Me quedé callada un buen rato, meditando qué era exactamente de lo que nos estaba acusando, porque era evidente que era algo más grave que estar en el pasillo discutiendo durante la clase. Creí que lo más conveniente era compartir mis dudas.

—¿Qué acaba de...?

—No tengo ni la menor idea —respondió con el mismo gesto de incredulidad que yo había adquirido—, pero puedo afirmar casi con total seguridad que la hemos liado, alguien ha hecho algo muy gordo y nos vamos a comer el marrón. Nunca lo he visto tan enfadado.
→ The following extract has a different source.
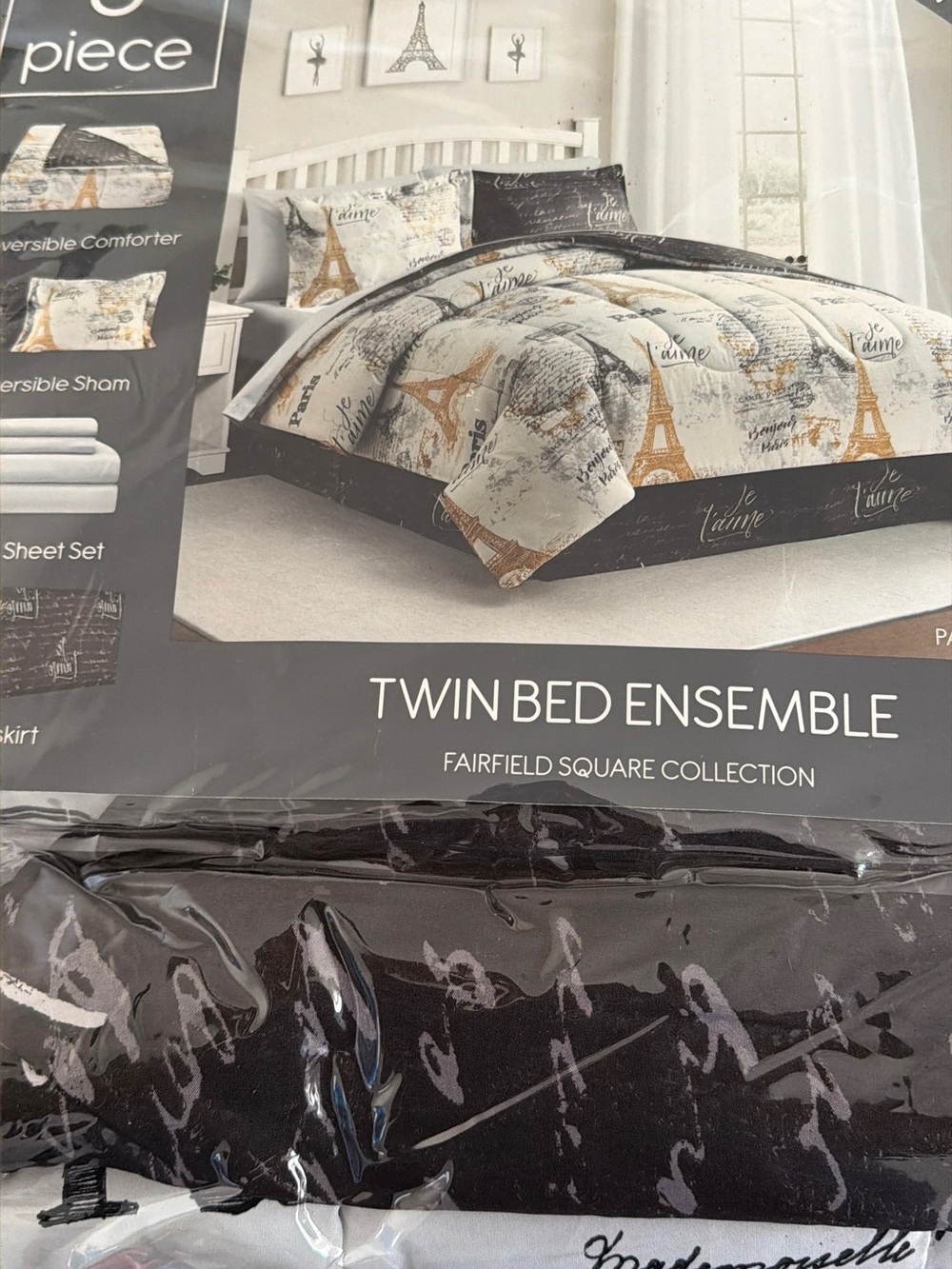 Macy's Eiffel Tower Print Twin Comforter Set - Black, White, Gold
Y eso que ha tenido muchas oportunidades de cabrearse mucho de tantas chiquilladas que he hecho —afirmó con un brillo de nostalgia en los ojos—. Todas las veces que he estado aquí no han sido por cosas buenas.

Soltó un hilo de aire para luego echarse a reír como un loco.

—¿Pero qué...? ¿Te encuentras bien?

—Es que me he acordado de algo —contestó todavía riéndose por lo que me había costado comprender qué diablos estaba diciendo.

—¿Y si me lo cuentas y nos reímos los dos? —dije con cara de pocos amigos.

Me agarró la cara y dejó un beso en mi mejilla, a lo que yo respondí haciendo un mohín.

—No te enfades más, por favor. —Se secó las lágrimas que comenzaban a resbalar por sus mejillas con las mangas de su chaqueta—. Hace cosa de un año, cuando llegaste aquí, escuché tu entrevista con el director, comenzaste a tararear "nuestra canción" —Hizo comillas con los dedos—, por llamarla de alguna manera y me di un golpe impresionante contra aquel mueble— confesó señalando un armario de la altura tan pequeña que ni un enano cabría dentro.

—¡Eras tú! —exclamé saltando de la silla—. ¿Sabes el susto que me llevé ese día? ¿Cómo es que nunca me lo has comentado?

Se encogió de hombros y se echó a reír de nuevo.

—¿Qué quieres decir con "nuestra canción"? —pregunté haciendo el mismo gesto que él había hecho.

No tuvo tiempo a responder, el director regresó con paso apurado, asentando su cabellera con las manos al sentarse delante de nosotros. Nos dirigió una mirada suspicaz a ambos.

—Siento haberos hablado tan mal, no sé qué me ha pasado —se disculpó pasándose una mano por la frente—, pero os habéis metido en un buen lío de todos modos.

Devian alzó la mano para evitar que siguiese hablando.

—¿De qué nos estás acusando exactamente?